§ Instructions for the task:
Return the data word for word. Pictures are to be omitted.

§ Data section:

[Start of Attachment]

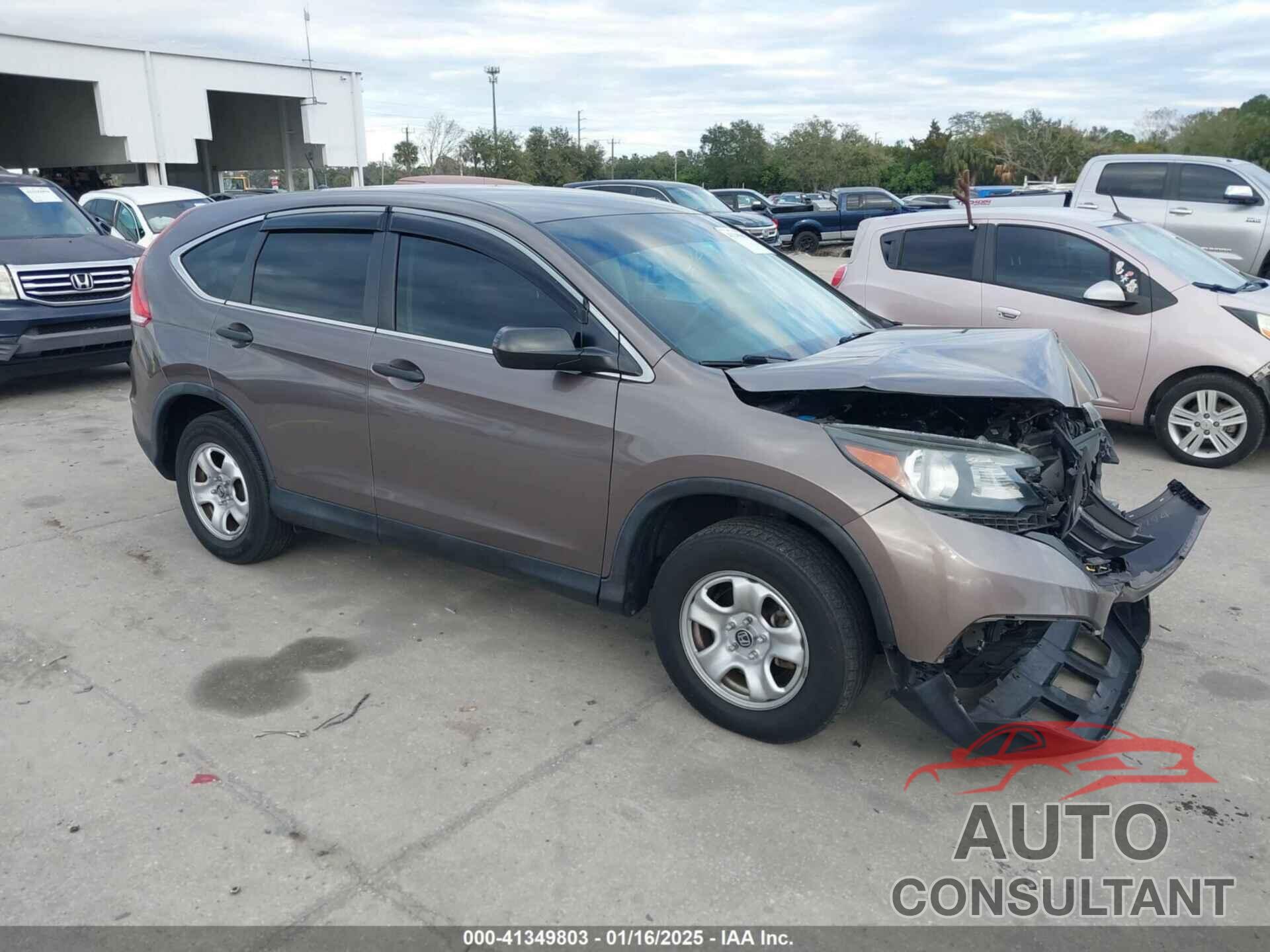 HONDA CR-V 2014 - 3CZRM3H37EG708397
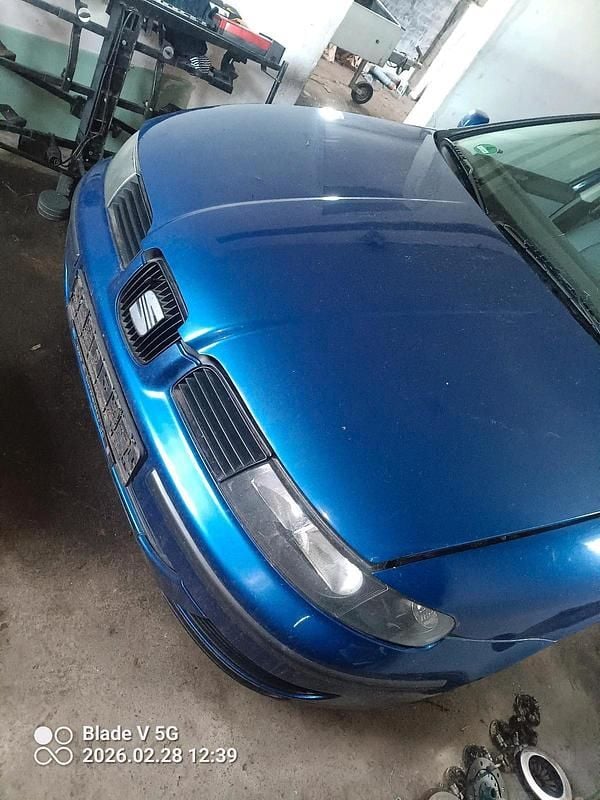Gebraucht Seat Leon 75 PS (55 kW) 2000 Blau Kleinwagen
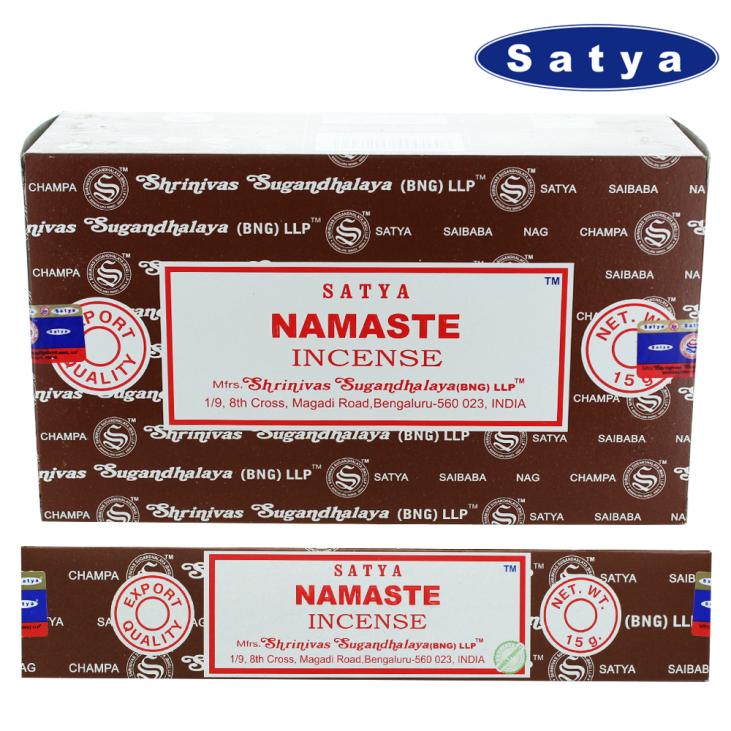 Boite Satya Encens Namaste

[End of Attachment]

§ Task response:
 HONDA CR-V 2014 - 3CZRM3H37EG708397
Gebraucht Seat Leon 75 PS (55 kW) 2000 Blau Kleinwagen
 Boite Satya Encens Namaste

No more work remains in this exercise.